ASSIGNED TASK:
Every line between the one containing "2-(4-Morpholin-4-yl-phenyl)-ethylamine" and the last line of the data, both included, is to be set down exactly, and pictures are to be omitted.

DATA SHOWN:
_____

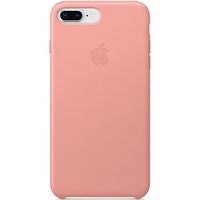 Apple Coque Leather Apple iPhone 8 Plus / 7 Plus - Soft Pink
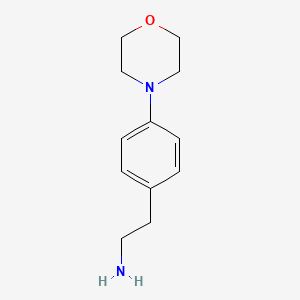 2-(4-Morpholin-4-yl-phenyl)-ethylamine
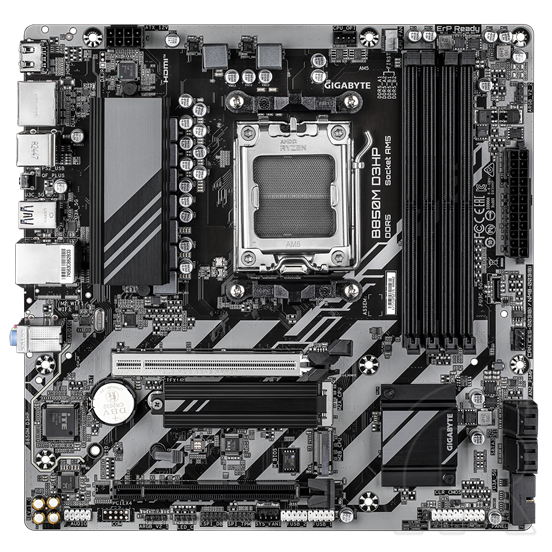 Gigabyte B850M D3HP (mATX, AM5)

_____

RESULT FOR THIS EXERCISE:
 2-(4-Morpholin-4-yl-phenyl)-ethylamine
 Gigabyte B850M D3HP (mATX, AM5)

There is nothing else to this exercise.